I was in Java, having left Britain at the age of twenty-one on a spiritual quest, roaming around Asia. I’d been staying in a sleepy little village. It was your “average” tropical paradise—right on the sea, open beaches, few people. Life was perfect: I had interesting friends, a great place to stay, plenty of ganja to smoke, no debt or obligations, no job I had to go to. I had nothing to do all day but relax and enjoy life. I should have been a happy and free man. But I was miserable. My mind was a mess, confused and full of insecurities—and I couldn’t blame it on anything.

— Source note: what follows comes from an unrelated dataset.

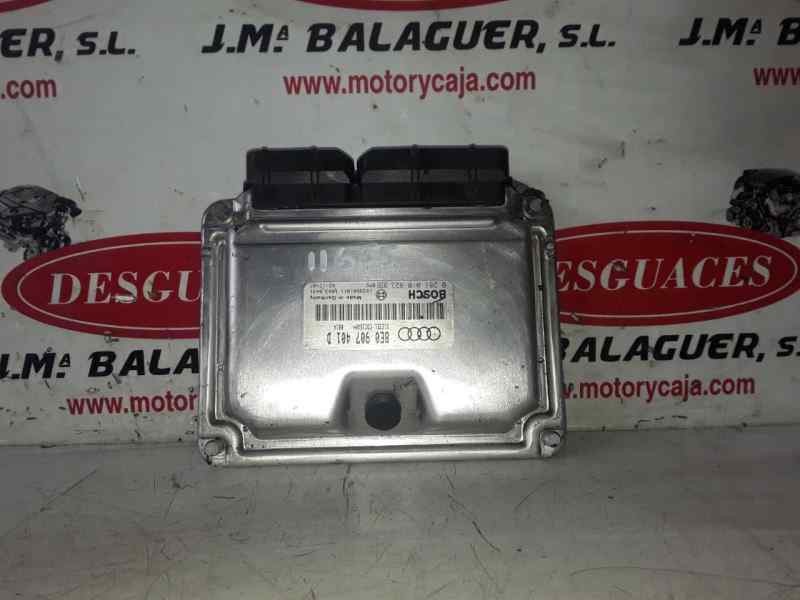 Recambio de centralita motor uce para » otros... modelos referencia OEM IAM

One day I was walking alone down the beach, wondering, Why am I so unhappy? Everything is “right,” so why do I feel so “wrong”? It was getting toward sunset. As I got closer to the cliffs at the end of the beach, I saw a figure sitting up on the rocks in front of the local shaman’s cave. I climbed up the stone steps to where he sat. Seated in full lotus and completely still, with his eyes closed but facing the setting sun, he was bearded, blond, bare-chested and wearing bright turquoise shorts. He wasn’t the textbook wandering sadhu. He was a beach bum, part of my “tribe.”
But this fellow seemed so serene in contrast to my messed-up state. Sunlight was shining on him. There was an aura of peacefulness and composure. He was like a golden statue.

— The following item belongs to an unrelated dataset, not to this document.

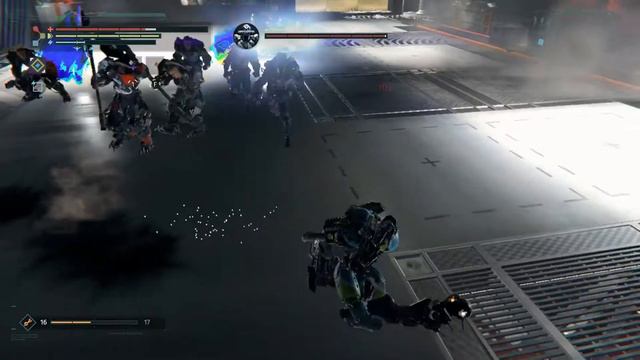The Surge #2 Чёрный цербер чото как то изи смотреть онлайн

That’s when it hit me: this is what you should be doing. You need to learn how to be still internally. Here was a direct expression of what I realized I needed to find in myself, and it was intuitively clear that meditation was the way.
After a while this fellow opened his eyes. They were the same turquoise blue as his shorts. There was no sense of “look at me” or “I’m a very spiritual person.” Rather, he seemed perfectly at ease and natural, like a divine being.
I couldn’t bring myself to say anything; I felt so small, grubby and pathetic. I didn’t want to mess up his perfect world. I got up and walked back to the village. I hadn’t seen him arrive, neither did I see him leave; I never spoke to him or saw him again. But for me he was a clear sign pointing the way toward what I needed to do in my own life.